All things considered, he was in good shape.

A warm weight rested beside him, on his uninjured left, blonde hair coiled loosely against his shoulder—Parker, asleep with one hand on his pulse at his wrist.  His other hand, the one with the IV, was in Hardison’s long fingers, who was waking up.

“Hey,” Hardison said softly.

“We caught?” Eliot rasped—and he’d thought his voice had been a wreck before.  It was barely a whisper, now.

“Nah, man, I’m better than that,” Hardison said with a small smile.  “Company had a massive conspiracy in it, when three civilians tried to go to the cops the guards—under the command of the CEO—took matters into their own hands.  You are currently First Lieutenant Eliot Nichols, ex-Green Beret who lost your temper and saved the lives of your girlfriend Alice and your best friend—I figured maybe not dropping all of us on them all at once—Alex.  We should be in the clear until you’re discharged.  Month or so.”

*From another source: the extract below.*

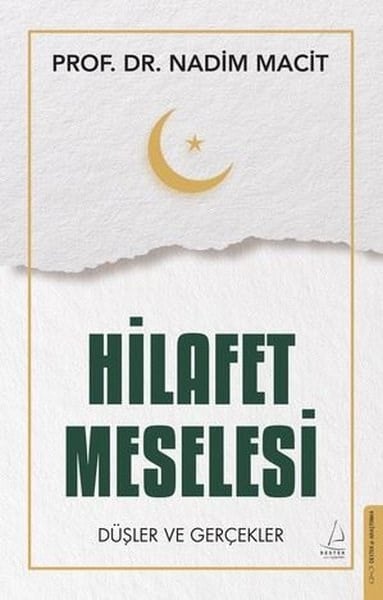 Nadim MacitDinHilafet Meselesi - Düşler ve Gerçekler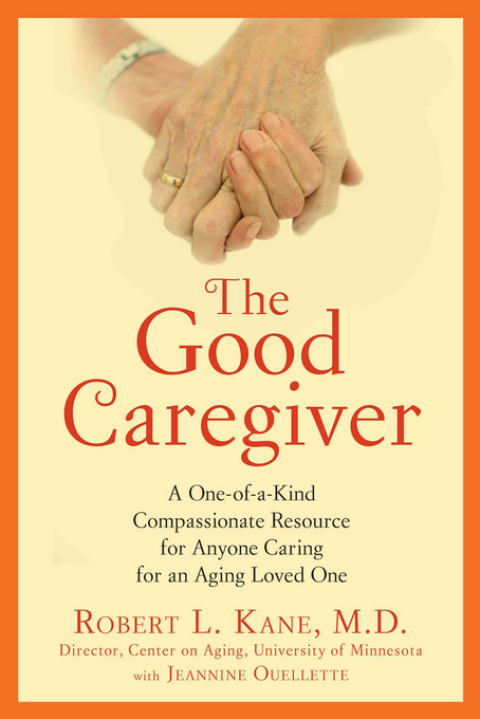The Good Caregiver: A One-of-a-Kind Compassionate Resource for Anyone Caring for an Aging Loved One - FULL INSTANT DOWNLOAD | PDF DOCX EPUB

“I’m not stayin’ here for a month,” Eliot said, eyes drifting closed again.  His voice was nominally clearer, his mouth slightly less dry, although not by much.  “An’ I’m not stayin’ on the drugs the whole time I’m here.”

“I thought you’d say that,” Hardison said, amused.  His thumb traced a gentle arc on the back of Eliot’s hand, avoiding the IV skillfully.  “I’m doing some research about how quickly you can leave.  And then we can go home.”

“Mm,” Eliot said.  “Sounds good.”  He cracked an eye open again and said, “Expected to get a lecture.”

“Later,” Parker mumbled into his chest.  “We thought you were dead.  It’s a good lecture.”

Eliot smiled, faint but happy, and his eyes drifted closed again, the drugs pulling him inexorably down.  Hardison’s lips brushed his knuckles, and Parker’s fingers tightened on his pulse point, and Eliot let himself sleep.